- Short web captions
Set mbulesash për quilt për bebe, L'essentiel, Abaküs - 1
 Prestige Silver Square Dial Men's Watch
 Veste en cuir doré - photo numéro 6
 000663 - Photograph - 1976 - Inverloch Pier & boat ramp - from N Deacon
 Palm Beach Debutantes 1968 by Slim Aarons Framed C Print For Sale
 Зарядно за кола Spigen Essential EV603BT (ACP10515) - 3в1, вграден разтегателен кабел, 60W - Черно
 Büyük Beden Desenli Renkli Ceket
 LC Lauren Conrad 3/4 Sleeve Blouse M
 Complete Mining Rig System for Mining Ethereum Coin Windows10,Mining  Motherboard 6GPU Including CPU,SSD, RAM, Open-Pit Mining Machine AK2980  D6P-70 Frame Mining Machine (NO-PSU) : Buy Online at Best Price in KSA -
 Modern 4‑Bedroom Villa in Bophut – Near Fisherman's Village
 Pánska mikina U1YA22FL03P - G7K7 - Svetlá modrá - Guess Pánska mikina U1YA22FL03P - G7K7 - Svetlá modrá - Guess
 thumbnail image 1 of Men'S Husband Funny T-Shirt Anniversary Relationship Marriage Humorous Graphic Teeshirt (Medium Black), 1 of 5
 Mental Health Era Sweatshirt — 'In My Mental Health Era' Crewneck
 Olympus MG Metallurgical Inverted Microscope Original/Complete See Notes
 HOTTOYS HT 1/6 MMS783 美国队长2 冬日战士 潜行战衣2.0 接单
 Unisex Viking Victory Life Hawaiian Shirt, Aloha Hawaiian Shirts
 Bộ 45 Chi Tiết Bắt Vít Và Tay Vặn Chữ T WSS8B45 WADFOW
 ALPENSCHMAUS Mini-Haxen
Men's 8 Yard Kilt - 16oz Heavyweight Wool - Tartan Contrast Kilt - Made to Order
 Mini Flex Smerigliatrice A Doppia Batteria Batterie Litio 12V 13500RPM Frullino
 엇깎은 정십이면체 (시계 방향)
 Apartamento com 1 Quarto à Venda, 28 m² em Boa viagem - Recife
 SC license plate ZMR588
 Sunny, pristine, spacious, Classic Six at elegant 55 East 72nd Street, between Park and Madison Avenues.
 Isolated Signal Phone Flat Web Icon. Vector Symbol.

- Work order
Scan the records for the word "Complete". Copy each line where it turns up.

- Solution for this task
 Complete Mining Rig System for Mining Ethereum Coin Windows10,Mining  Motherboard 6GPU Including CPU,SSD, RAM, Open-Pit Mining Machine AK2980  D6P-70 Frame Mining Machine (NO-PSU) : Buy Online at Best Price in KSA -
 Olympus MG Metallurgical Inverted Microscope Original/Complete See Notes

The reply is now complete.